Chi ci segue, avrà già sicuramente letto sulle nostre pagine di come Rochester, cittadina nella parte più settentrionale dello stato di New York, sia in questi anni fulcro di un prolifico ed eccezionale movimento di underground rap hardcore di strada, grezzo e sporco, che calza perfettamente le atmosfere fredde e buie dell’Upstate NewYork. Tra i principali attori di questa ondata ci sono sicuramente i membri della crew DaCloth, di cui, accanto a nomi come Rigz, M.A.V, Mooch e altri, fa parte anche Symph, che assistito dalle produzioni del beatmaker britannico Hobgoblin, ha pubblicato un progetto che incarna perfettamente lo spirito e le vibrazioni della crew che rappresenta. Il disco di Symph, Cloth Ties, è, infatti, un viaggio a tinte scure nelle strade di Rochester, con atmosfere che ci riportano allo street rap underground che una volta rappresentava il suono dei five boroughs newyorchesi e dimostra, per chi ancora non ne fosse a conoscenza, di come la crew DaCloth sia sempre più uno dei collettivi più forti e hardcore, là fuori.
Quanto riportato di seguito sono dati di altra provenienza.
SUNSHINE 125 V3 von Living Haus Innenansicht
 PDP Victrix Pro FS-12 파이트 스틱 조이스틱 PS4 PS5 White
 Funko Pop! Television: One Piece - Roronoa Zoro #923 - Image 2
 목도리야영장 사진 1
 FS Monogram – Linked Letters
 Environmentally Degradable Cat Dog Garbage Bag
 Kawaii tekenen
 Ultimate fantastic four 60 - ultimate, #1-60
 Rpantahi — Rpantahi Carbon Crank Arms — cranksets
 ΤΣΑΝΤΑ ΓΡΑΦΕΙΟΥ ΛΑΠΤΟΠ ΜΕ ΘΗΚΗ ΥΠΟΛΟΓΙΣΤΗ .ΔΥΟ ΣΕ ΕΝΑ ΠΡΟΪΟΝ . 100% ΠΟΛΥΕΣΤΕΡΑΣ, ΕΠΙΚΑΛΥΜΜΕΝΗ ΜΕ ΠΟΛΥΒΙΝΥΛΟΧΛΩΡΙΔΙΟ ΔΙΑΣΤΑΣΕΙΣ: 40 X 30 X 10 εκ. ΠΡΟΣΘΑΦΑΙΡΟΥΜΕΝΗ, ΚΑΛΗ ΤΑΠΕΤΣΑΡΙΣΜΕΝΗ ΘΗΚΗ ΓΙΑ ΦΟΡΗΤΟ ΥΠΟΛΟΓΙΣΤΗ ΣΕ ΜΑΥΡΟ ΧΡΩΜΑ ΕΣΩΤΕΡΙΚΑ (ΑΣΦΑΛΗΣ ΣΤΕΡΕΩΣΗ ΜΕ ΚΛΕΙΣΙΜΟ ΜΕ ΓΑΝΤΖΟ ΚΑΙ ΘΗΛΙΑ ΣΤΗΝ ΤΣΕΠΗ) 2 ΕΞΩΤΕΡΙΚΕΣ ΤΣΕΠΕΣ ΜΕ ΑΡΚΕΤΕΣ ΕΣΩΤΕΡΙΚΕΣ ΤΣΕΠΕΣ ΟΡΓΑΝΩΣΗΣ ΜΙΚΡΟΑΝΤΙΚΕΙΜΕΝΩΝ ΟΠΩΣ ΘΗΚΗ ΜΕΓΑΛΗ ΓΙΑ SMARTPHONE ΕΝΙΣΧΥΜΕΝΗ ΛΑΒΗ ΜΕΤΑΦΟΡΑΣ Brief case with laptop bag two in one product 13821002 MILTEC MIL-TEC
Bellavista EP del MC toscano, Creep Giuliano, è, finalmente, una ventata di aria fresca per quello che riguarda la scena italiana! Quando dietro un lavoro, seppur di breve durata, c’è una chiara visione artistica e consapevolezza di quello che si sta creando e si vuole comunicare, il risultato è un evidente coerenza ed originalità musicale. Un disco inteso come opera da prendere nel suo insieme e non come un collage di tentativi di svoltare con una hit.
In questo difficile compito è riuscito Creep Giuliano, rapper unico nel panorama italiano, che, per accompagnare le proprie rime semplici e fresche, ma mai banali o scontate, sceglie un bellissimo tappeto musicale creato da Alsogood, che in altri periodi, sarebbe stato perfetto come sottofondo di un aperitivo “pettinato” sul lungomare.
Creep Giuliano si conferma uno dei nomi da tenere d’occhio all’interno di quella nicchia italiana che guarda allo stato di salute della scena underground oltreoceano, per trarne ispirazione, cercando di portare anche qui da noi, quell’aria fresca e positiva di cui la scena italiana ha bisogno come ossigeno.